Data segment ->
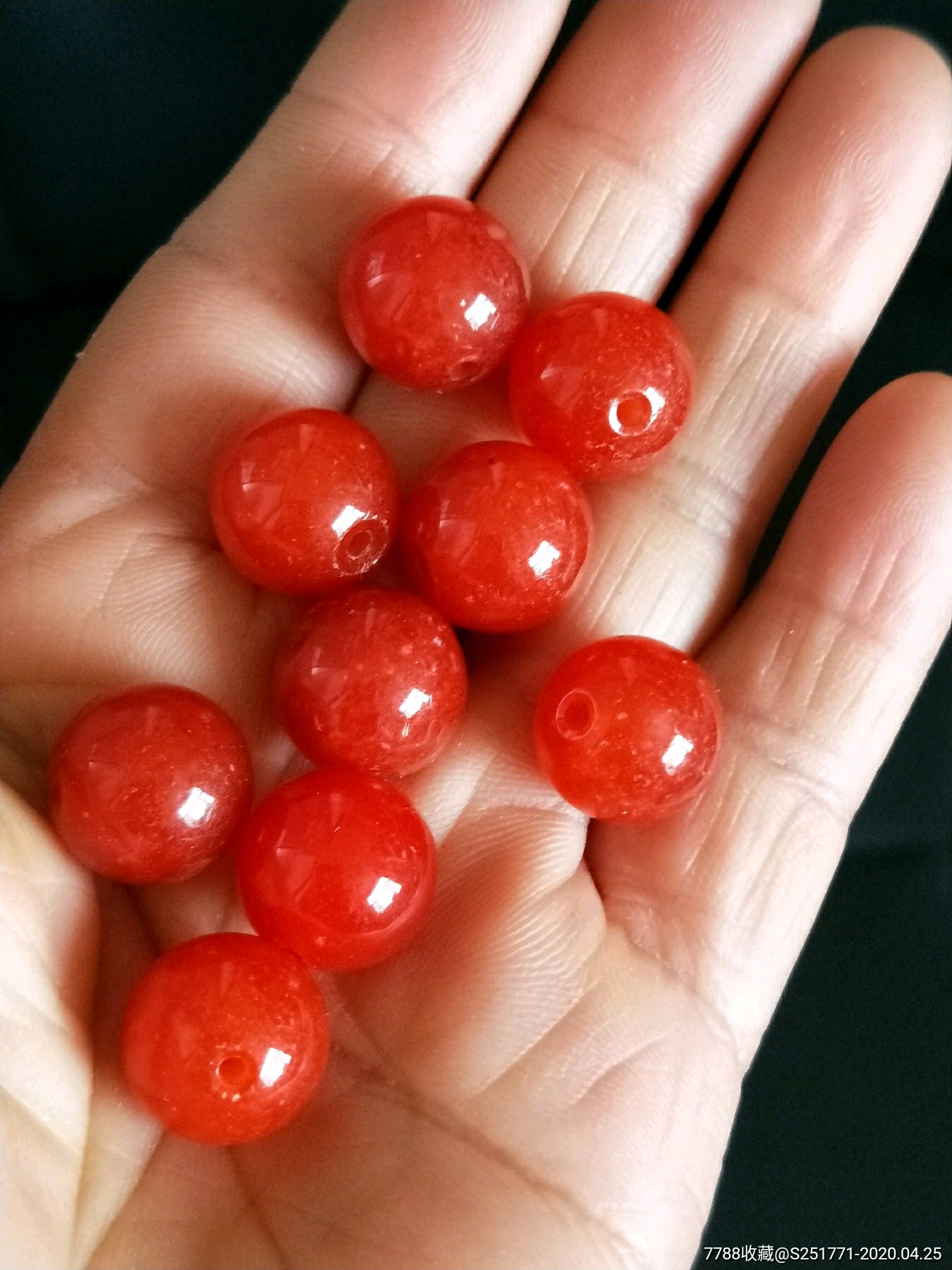清代红玛瑙珠子一堆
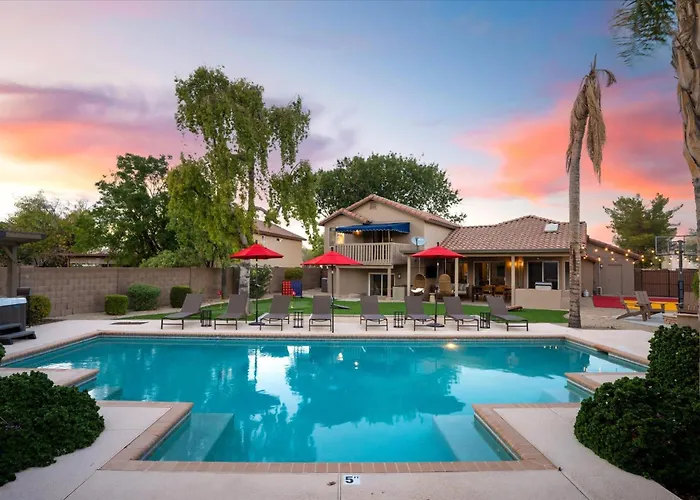 Sport Court Pool Hot Tub Pool Table Fire Pit Games * Glendale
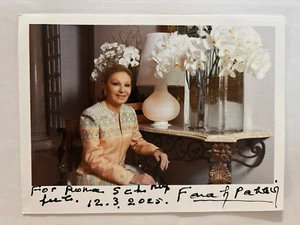 Handsigniertes Autogramm , FARAH PAHLAVI , Kaiserin von Persien - Bild 1 von 1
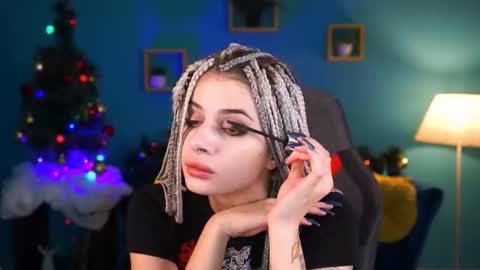 Snapshot of jade_castle chatting on 12.22.24 jade_castle online show from 12.22.24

Exercise aim -> Starting from the line that has "Handsigniertes Autogramm , FARAH" and ending at the last line of the material above, every line should be output exactly; pictures are dropped and nothing else appears.

Task response ->
 Handsigniertes Autogramm , FARAH PAHLAVI , Kaiserin von Persien - Bild 1 von 1
 Snapshot of jade_castle chatting on 12.22.24 jade_castle online show from 12.22.24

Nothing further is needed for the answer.